One of the best financial lessons we can ever learn is the difference between needs and wants. The agreed upon needs of humanity our simple: food, clothing, and shelter. Does that mean caviar, high-fashion one-of-a-kind outfits, and million dollar penthouses? Of course the answer is no. Most of us can easily see past that exaggerated example. But when it comes to less obvious questions, although in theory we may know the answer, in practice we all too often rationalize unsound choices.

Do we really need the non-generic brand of peanut butter and the bottled water with the prettier picture on it? Maybe, I don’t know. But those are questions that should be taken very seriously before purchases. Do we really need what we’re buying? Some items we obviously don’t need but we still will purchase, and that’s fine up until a point. Maybe we don’t “need” apples, but that shouldn’t necessarily eliminate them from our shopping carts if we are willing to purchase them in moderation according to our financial circumstances.

Review your shopping habits. Take a look at your recent receipts and identify what you can go without and what you can’t. Alter your budget accordingly and develop the discipline needed to stick to your budget. Find non-monetary ways to reward your good behavior and continue making wise financial decisions.

Developing Discipline in Spending

We know we should cut expenses, we know we should save--we know, we know…blah, blah, blah. But do we do it? Maybe yes, maybe no. For those of us who answered no, I think what largely dictates our spending is our psychological relationships with money. Perhaps we subconsciously think that buying more will bring happiness by filling some void we have.
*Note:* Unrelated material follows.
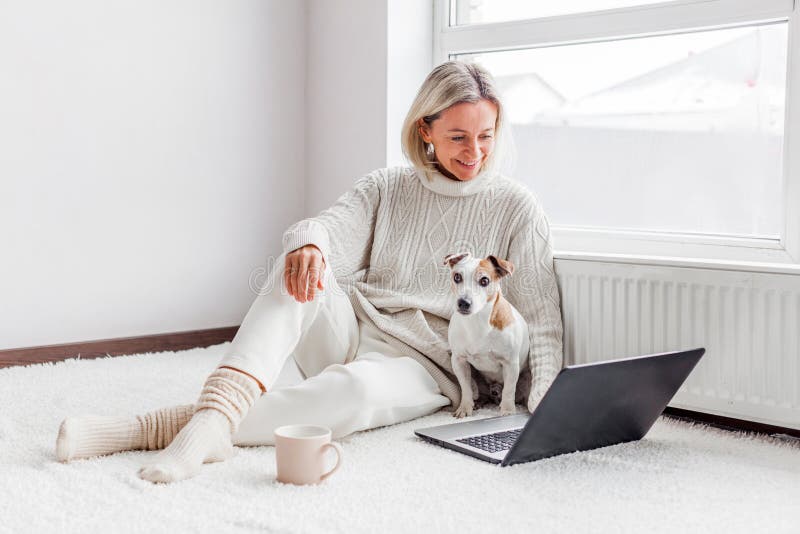 Donna di mezza età felice che usa il suo portatile a casa. Donna di mezza età felice che usa il suo computer portatile in una casa bianca accogliente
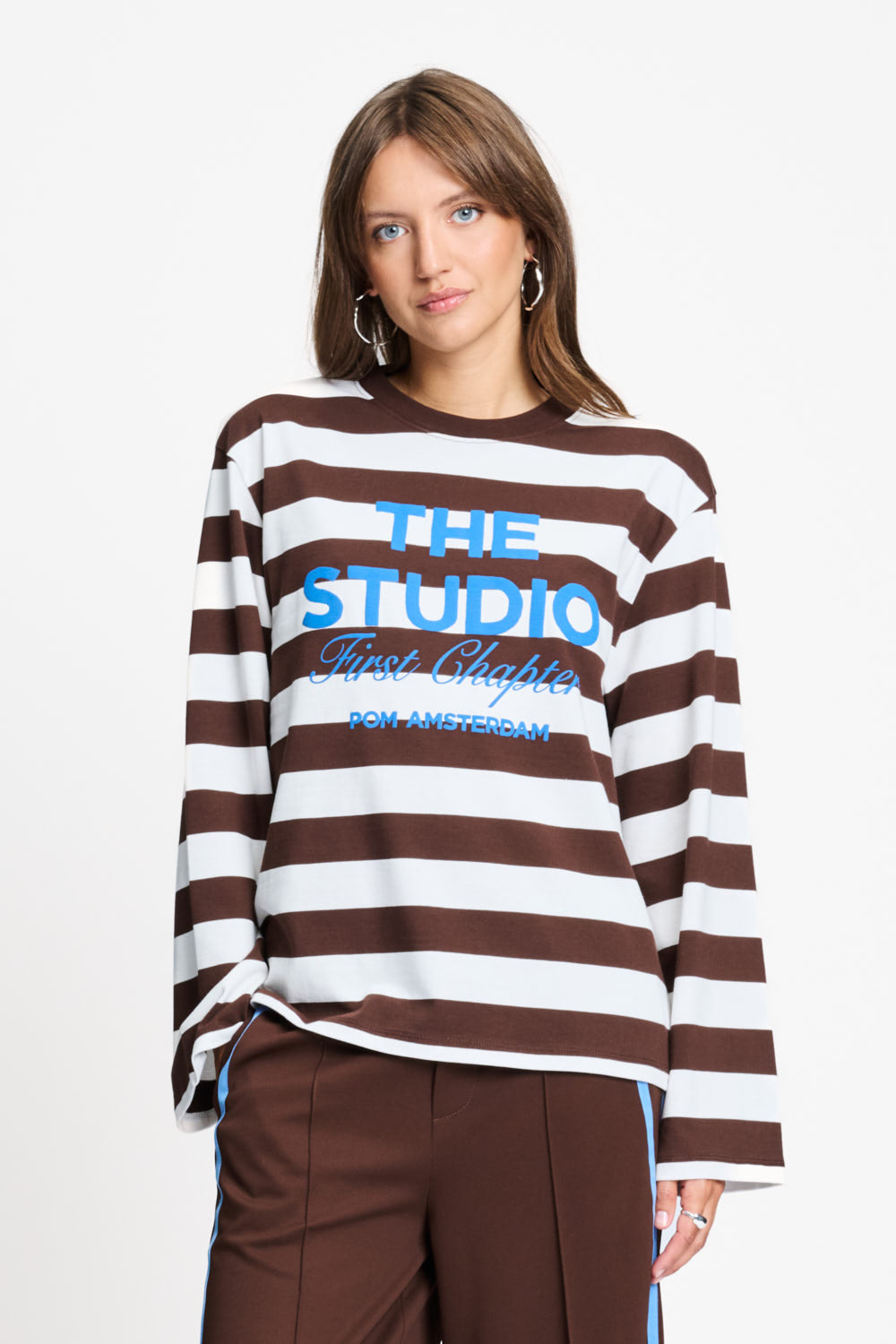 Model draagt de bruin met witte gestreepte longsleeve van POM Amsterdam met blauwe print.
Perhaps we value being able to keep up with the Jones’, whether we financially can or not. Maybe we despise money and are unwilling to let it rule our lives so we consequently do little planning ahead and end up even spending more. Or maybe we’re just lazy. Although knowing why you have trouble limiting spending is helpful in eliminating the problem, the end result is the same regardless of what particular element you’re ailing from: undisciplined spending leads to financial uncertainty and bleak futures.
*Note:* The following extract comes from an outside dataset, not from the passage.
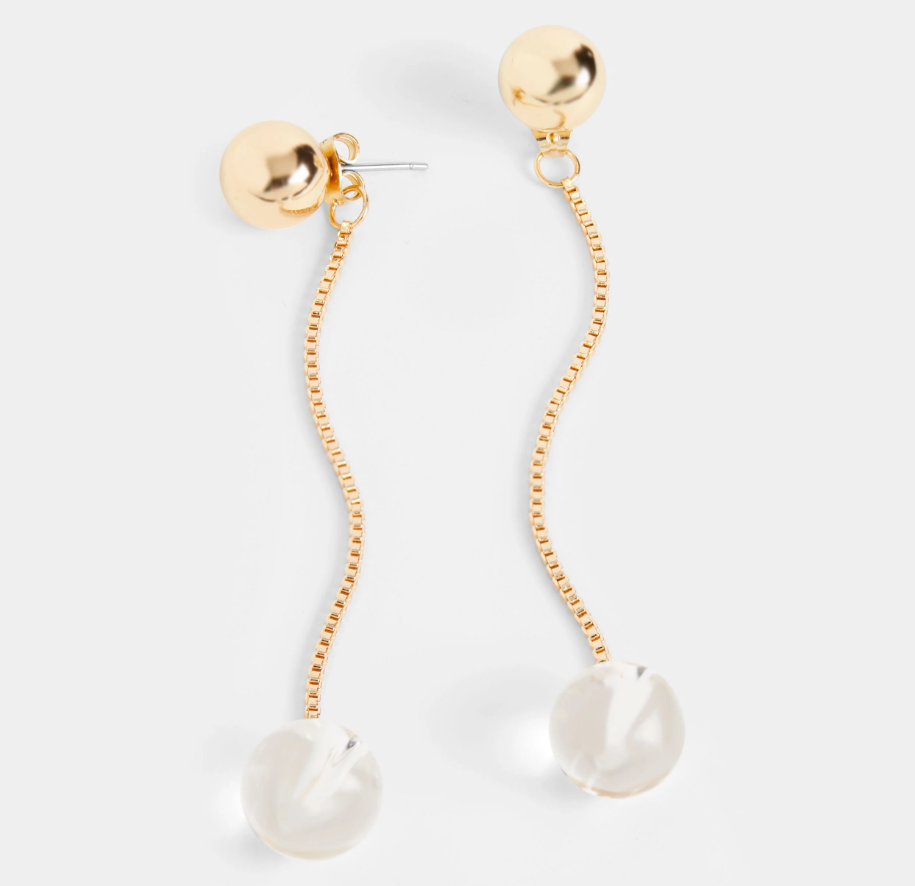 A pair of gold-colored hoop earrings with dangling beads, displayed against a white background.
Often we think the answer is just earning more. We just need that second job or a few more hours of work a week, and then our budgets will be fine. Then our spending won’t matter. Right? No! Whether you start out with $20 or $20 million, it doesn’t matter. With uncontrollable spending habits, you will never make enough. There is always something else that seems to be a necessity and always something else that just can’t wait until the next paycheck. This fundamental rule explains how it is that millionaires end up filing bankruptcy. No amount of money will ever be enough for undisciplined spenders. The answer is not in earning more, but in spending less.

Why Use a Budget?

Financial planners might disagree when it comes to certain topics, but I know of no one that will tell you to go without a budget. A solid budget, when adhered to, is the foundation of a successful financial household. Budgets are what make and break individuals and businesses alike. If you have a good one and stick to it, everything feels just fine. If you have a bad one, or you don’t have one, or even if you have one but don’t use it, everything can come crashing down faster than you can say, well I don’t know, maybe supercalifragilisticexpialidocious.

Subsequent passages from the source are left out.